From the first line of the listing below through the line with "Wolf Fox Tail", transcribe exactly and skip the pictures.

Data shown —
◇ ◇ ◇ ◇

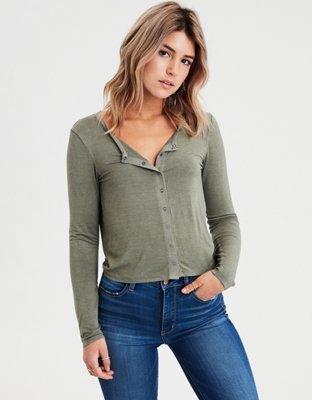 American Eagle Henley Shirt
 AE Long Sleeve Snap Front Henley T Shirt Olive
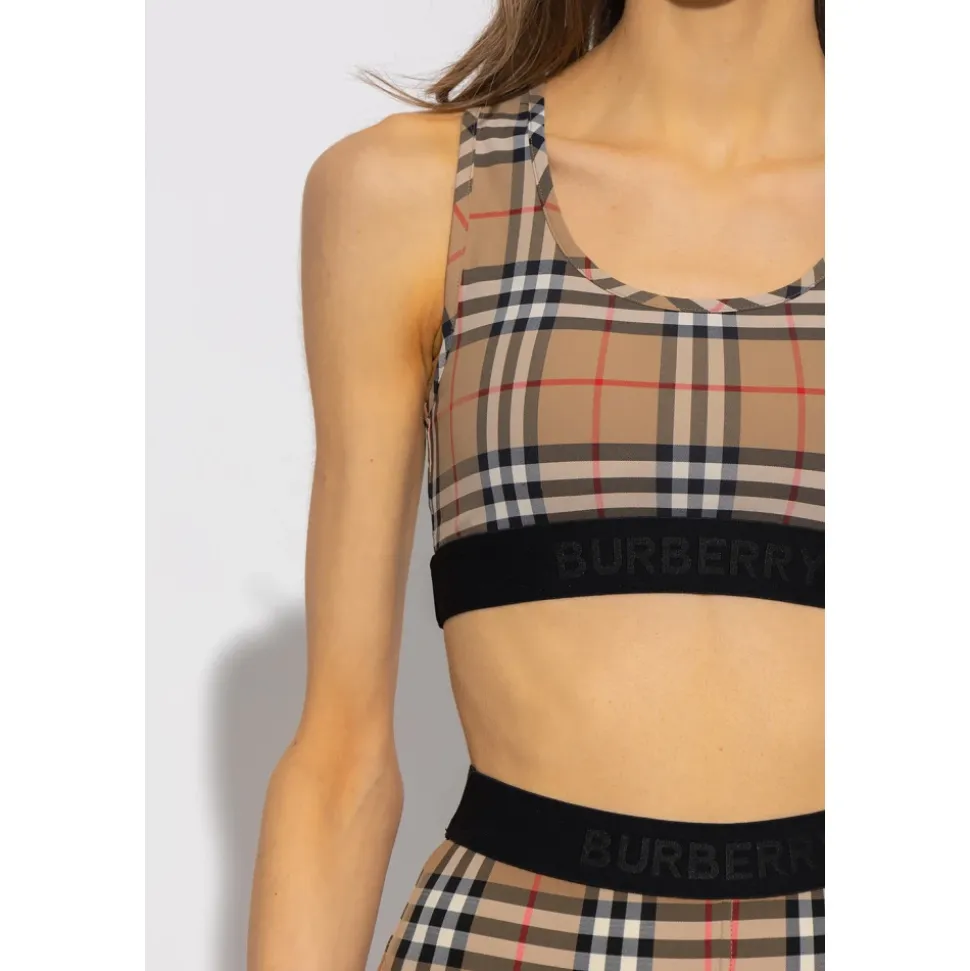 Vintage Check-Printed Sportbeha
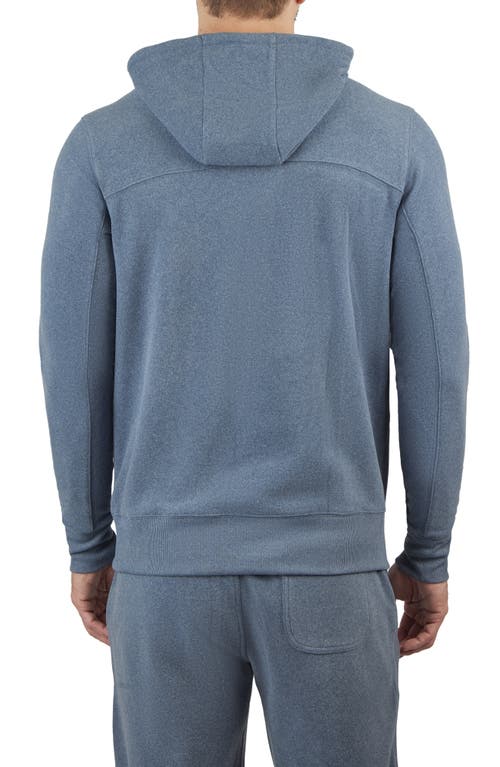 90 Degree By Reflex Ultra Mélange Fleece Hoodie In Navy Blazer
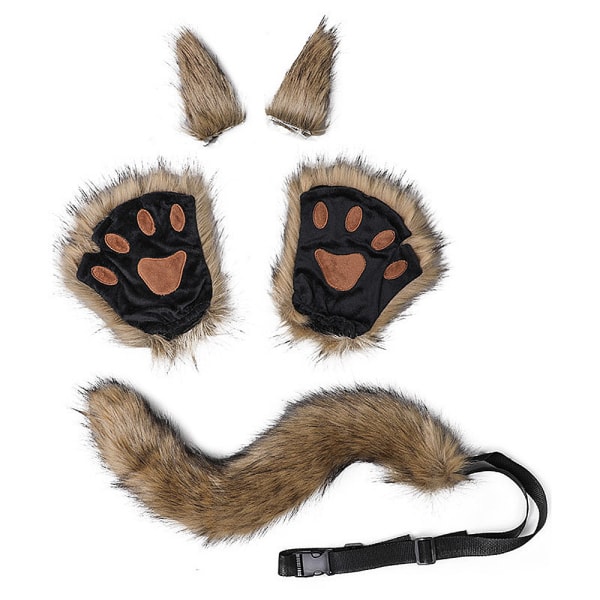 Wolf Fox Tail Clip korvat ja käsineet set Halloween Christmas Fancy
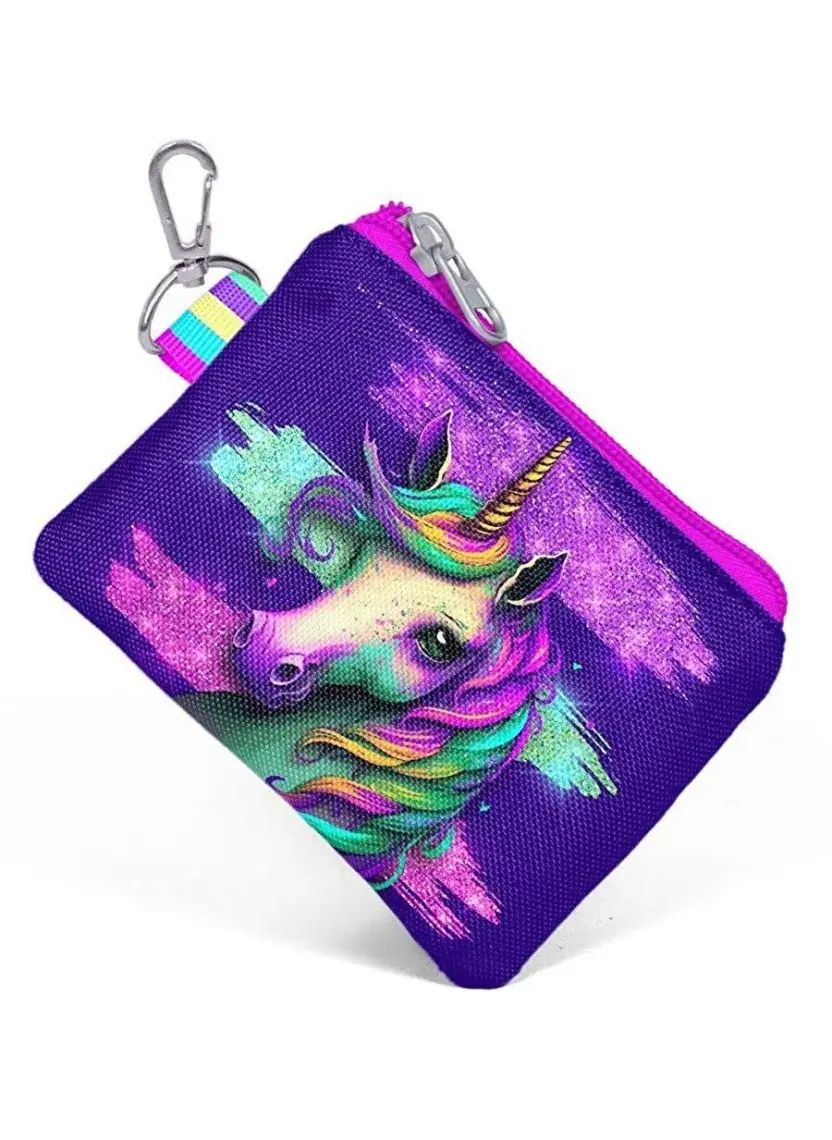 Coral High Kids Pembe Su Yeşili Unicorn Desenli Bozuk Para Çantası 21887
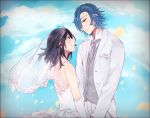  1boy 1girl black_hair blue_hair blush bridal_veil clouds cloudy_sky day dress elbow_gloves eye_contact from_side gloves green_eyes grey_neckerchief groom hair_ornament hand_holding jacket jewelry kill_la_kill kokeshi_1101 layered_dress long_hair looking_at_another looking_down matoi_ryuuko mikisugi_aikurou neckerchief necklace open-back_dress outdoors pants petals sky sleeveless sleeveless_dress smile strapless strapless_dress veil wedding_dress white_dress white_gloves white_jacket white_pants 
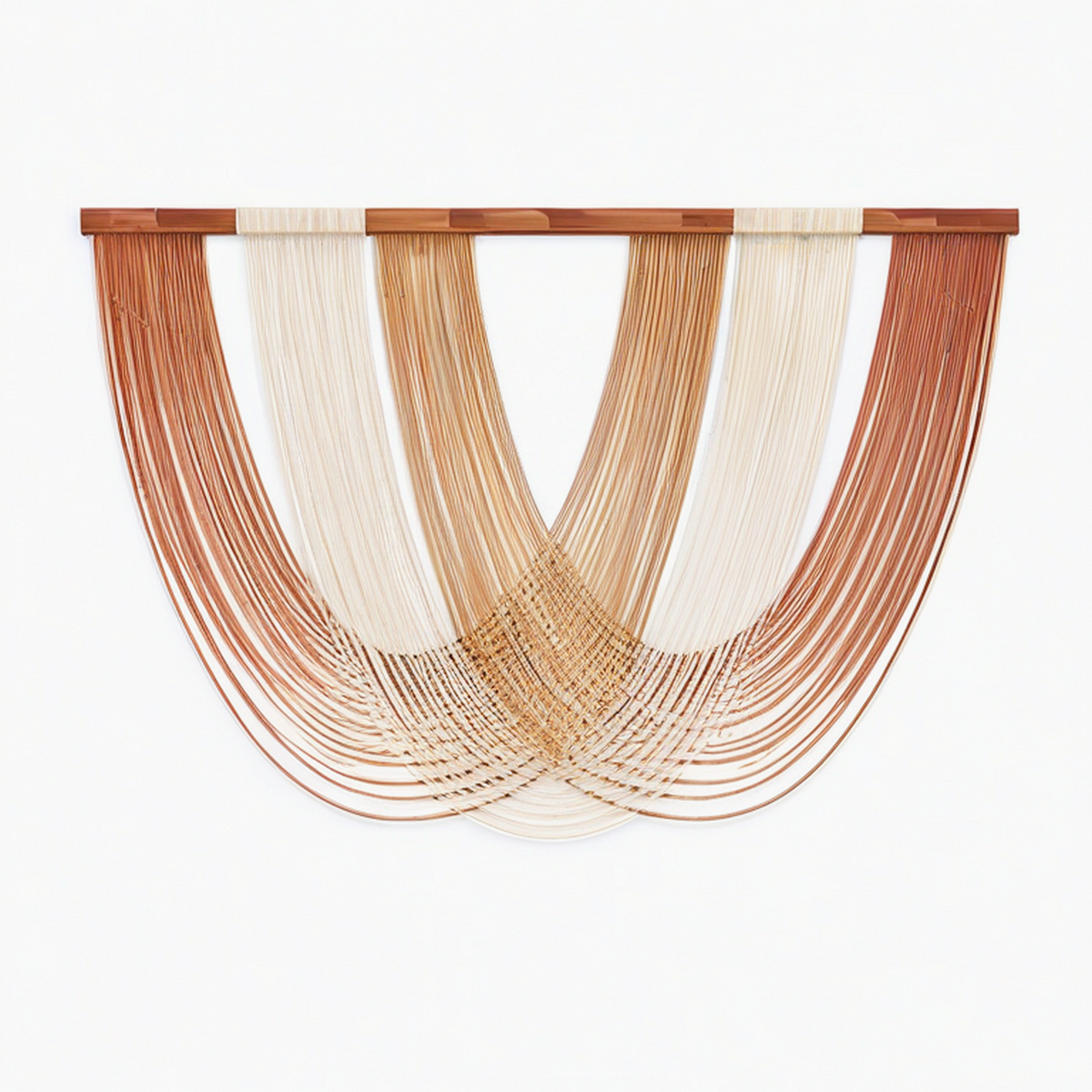 Tenture murale tissée 100 x 80 cm en corde beige terracotta avec barre en bois style bohème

◇ ◇ ◇ ◇

Solution to the problem —
 American Eagle Henley Shirt
 AE Long Sleeve Snap Front Henley T Shirt Olive
 Vintage Check-Printed Sportbeha
 90 Degree By Reflex Ultra Mélange Fleece Hoodie In Navy Blazer
 Wolf Fox Tail Clip korvat ja käsineet set Halloween Christmas Fancy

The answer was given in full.